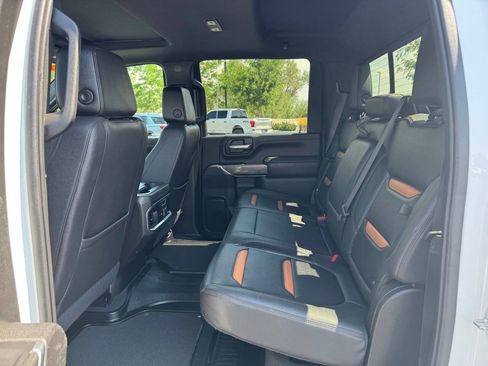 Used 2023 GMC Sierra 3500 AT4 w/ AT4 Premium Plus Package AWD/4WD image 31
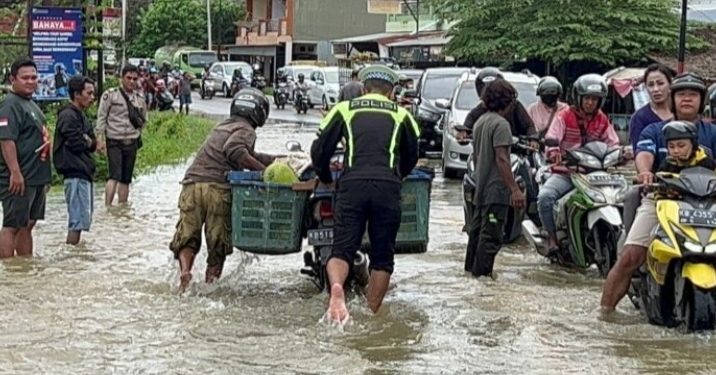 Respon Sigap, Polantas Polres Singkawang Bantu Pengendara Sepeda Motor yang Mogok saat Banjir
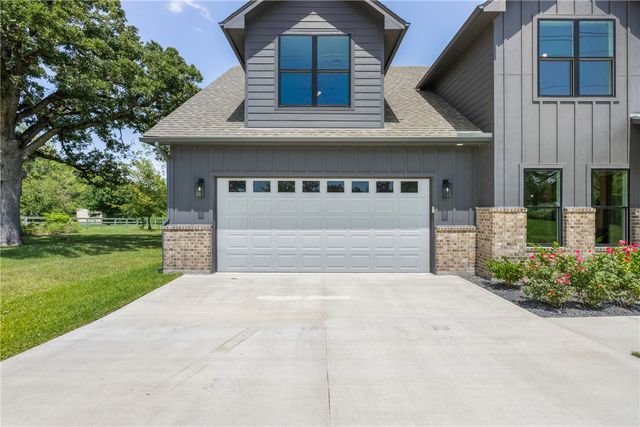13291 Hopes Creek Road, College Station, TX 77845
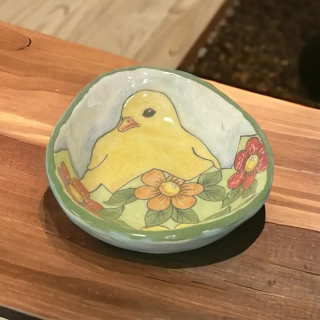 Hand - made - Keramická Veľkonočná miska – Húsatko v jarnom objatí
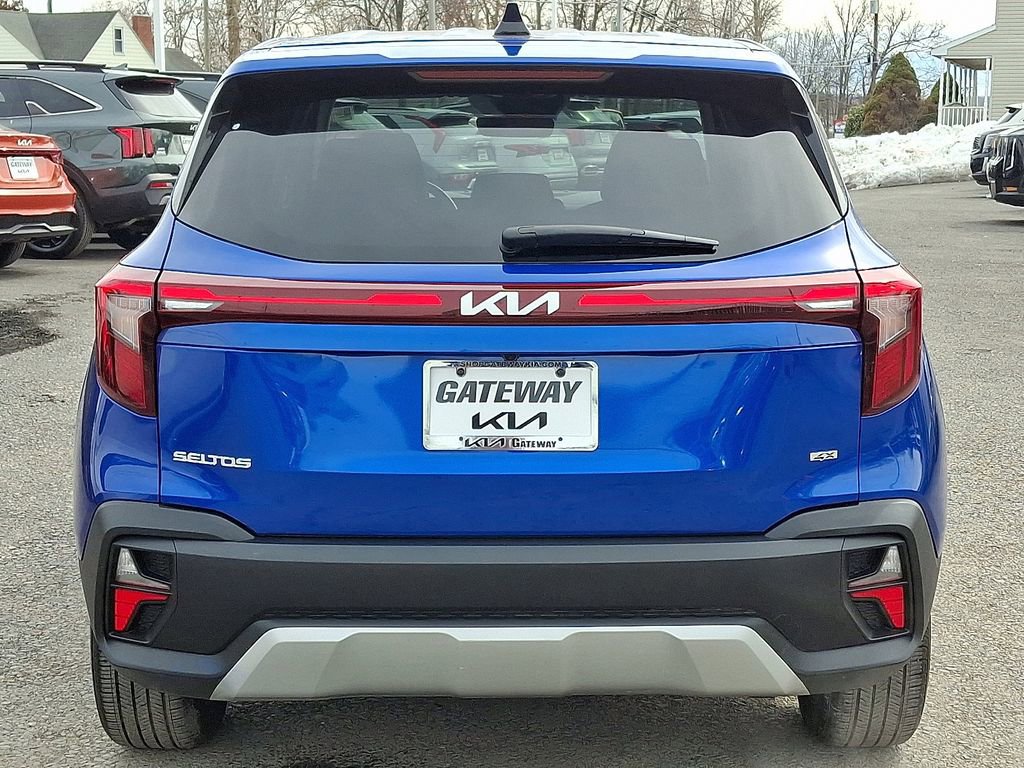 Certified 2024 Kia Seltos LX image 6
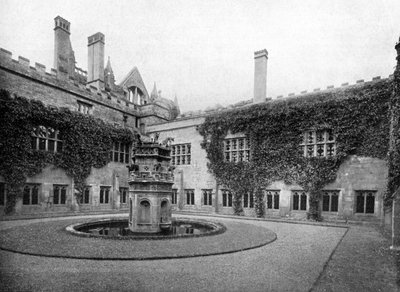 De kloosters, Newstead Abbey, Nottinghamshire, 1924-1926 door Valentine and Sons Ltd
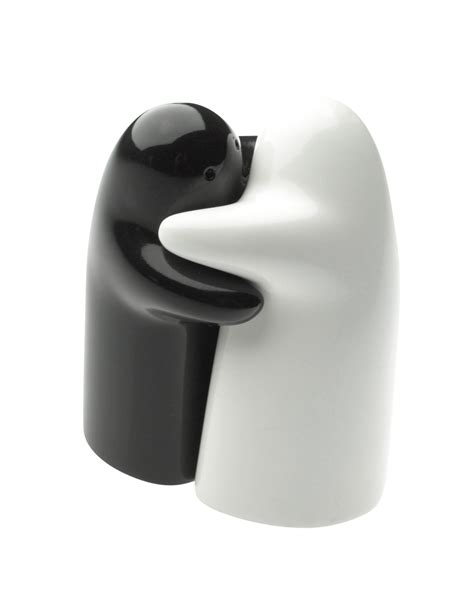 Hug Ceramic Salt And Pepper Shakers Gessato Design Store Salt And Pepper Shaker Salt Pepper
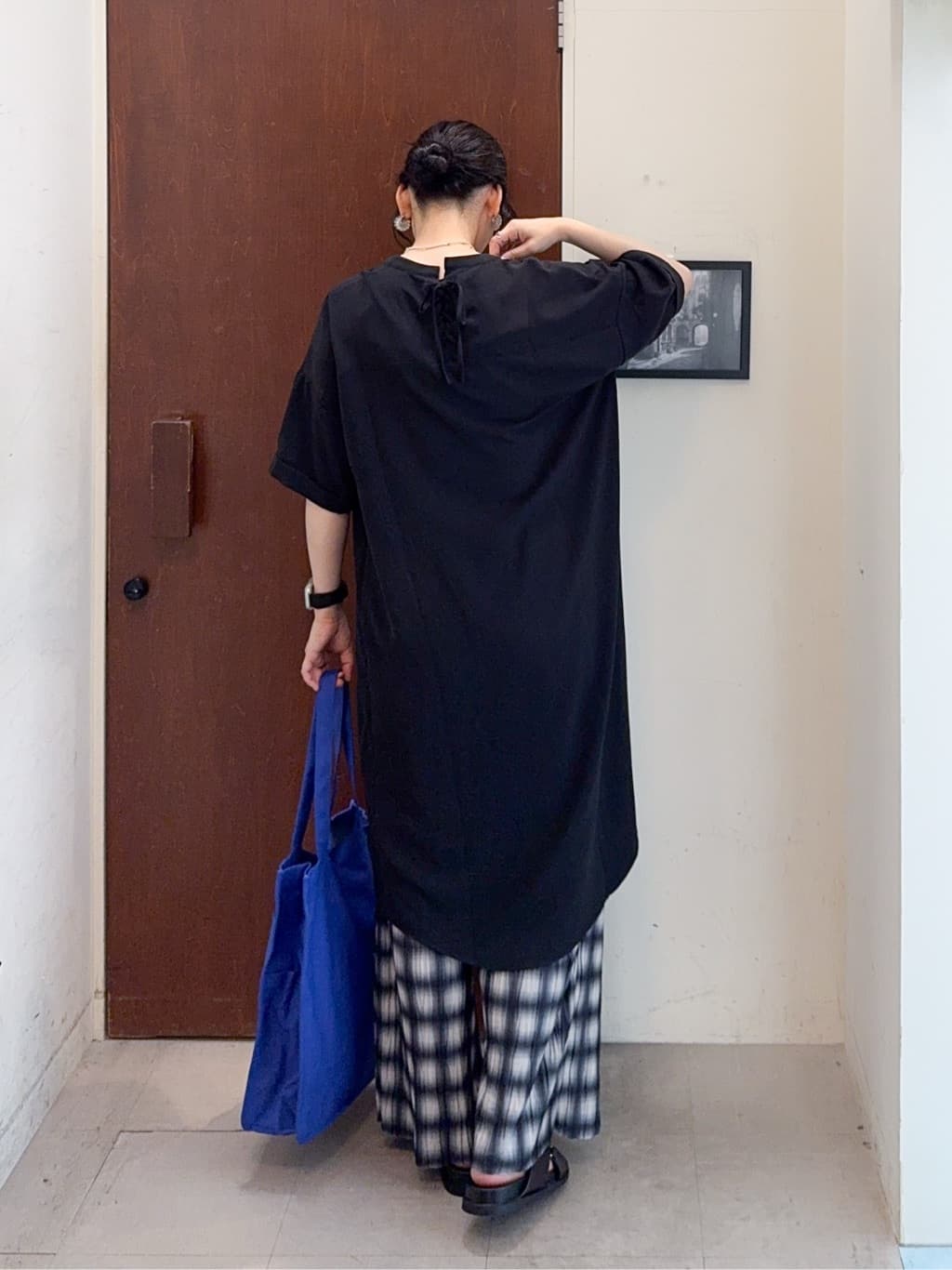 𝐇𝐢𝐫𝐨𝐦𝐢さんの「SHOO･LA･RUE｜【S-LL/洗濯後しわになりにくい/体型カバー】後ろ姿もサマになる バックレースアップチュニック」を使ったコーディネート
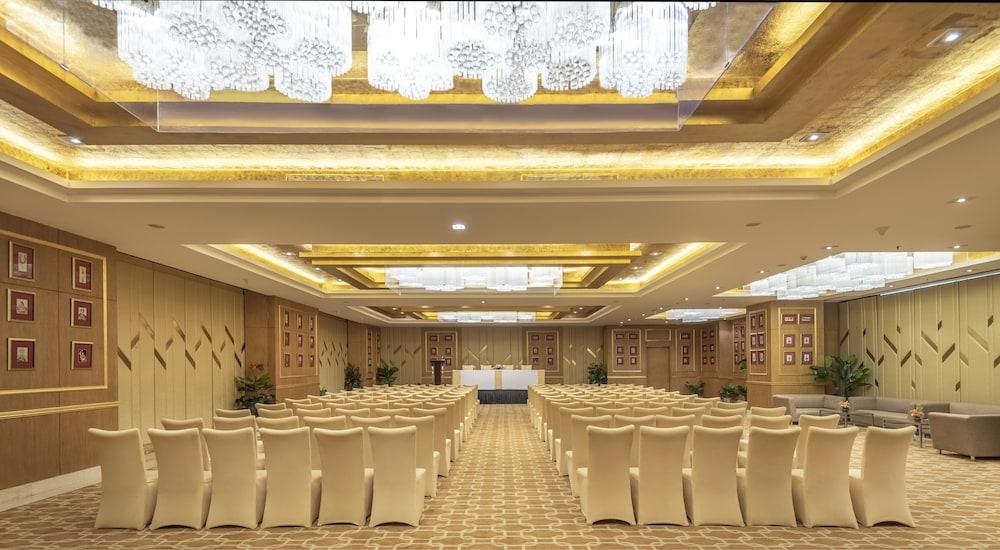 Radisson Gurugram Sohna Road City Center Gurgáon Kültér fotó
━━━━
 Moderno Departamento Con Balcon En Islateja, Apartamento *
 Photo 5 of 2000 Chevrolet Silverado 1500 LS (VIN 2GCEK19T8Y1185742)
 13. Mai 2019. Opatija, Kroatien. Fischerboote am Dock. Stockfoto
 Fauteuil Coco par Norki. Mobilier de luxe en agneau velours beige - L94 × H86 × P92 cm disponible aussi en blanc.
━━━━
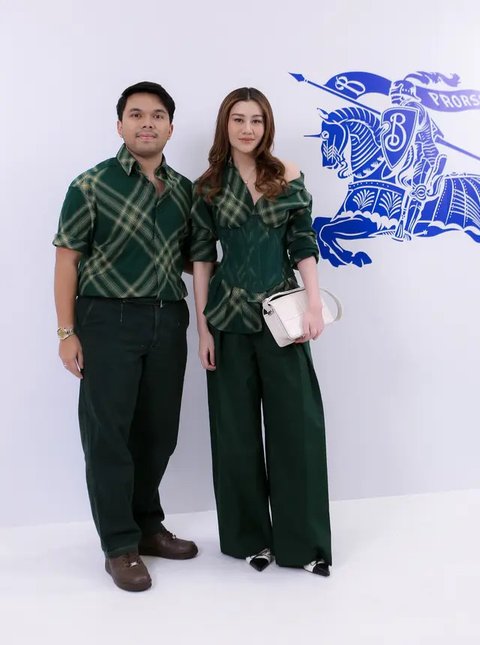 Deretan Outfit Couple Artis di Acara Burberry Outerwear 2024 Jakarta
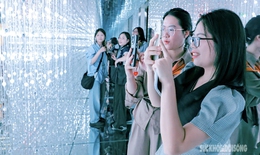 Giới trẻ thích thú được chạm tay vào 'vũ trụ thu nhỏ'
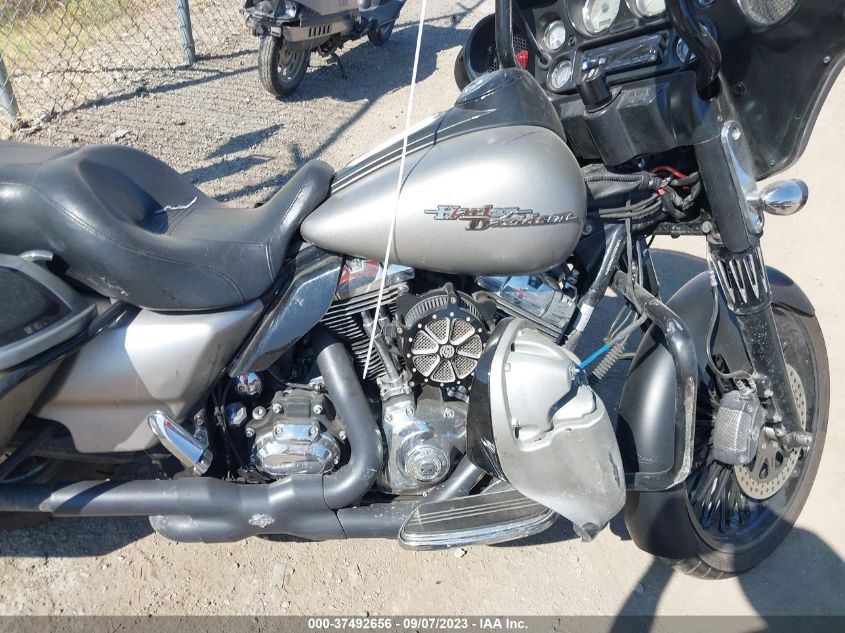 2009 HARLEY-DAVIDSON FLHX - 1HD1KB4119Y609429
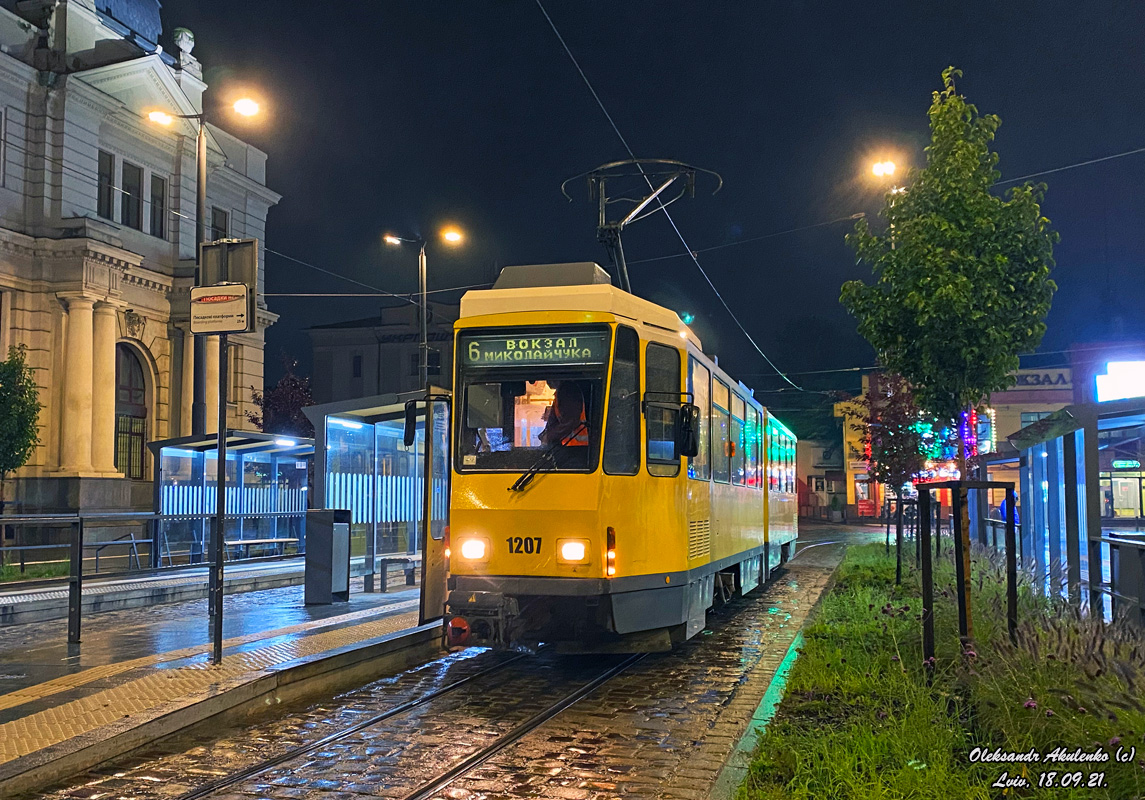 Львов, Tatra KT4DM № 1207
━━━━
Range to copy from the records above: the line containing "Used 2023 GMC" to the line containing "Radisson Gurugram Sohna", both included. Output those lines exactly and only those, skipping pictures.

EXERCISE ANSWER:
 Used 2023 GMC Sierra 3500 AT4 w/ AT4 Premium Plus Package AWD/4WD image 31
 Respon Sigap, Polantas Polres Singkawang Bantu Pengendara Sepeda Motor yang Mogok saat Banjir
13291 Hopes Creek Road, College Station, TX 77845
 Hand - made - Keramická Veľkonočná miska – Húsatko v jarnom objatí
 Certified 2024 Kia Seltos LX image 6
 De kloosters, Newstead Abbey, Nottinghamshire, 1924-1926 door Valentine and Sons Ltd
 Hug Ceramic Salt And Pepper Shakers Gessato Design Store Salt And Pepper Shaker Salt Pepper
 𝐇𝐢𝐫𝐨𝐦𝐢さんの「SHOO･LA･RUE｜【S-LL/洗濯後しわになりにくい/体型カバー】後ろ姿もサマになる バックレースアップチュニック」を使ったコーディネート
 Radisson Gurugram Sohna Road City Center Gurgáon Kültér fotó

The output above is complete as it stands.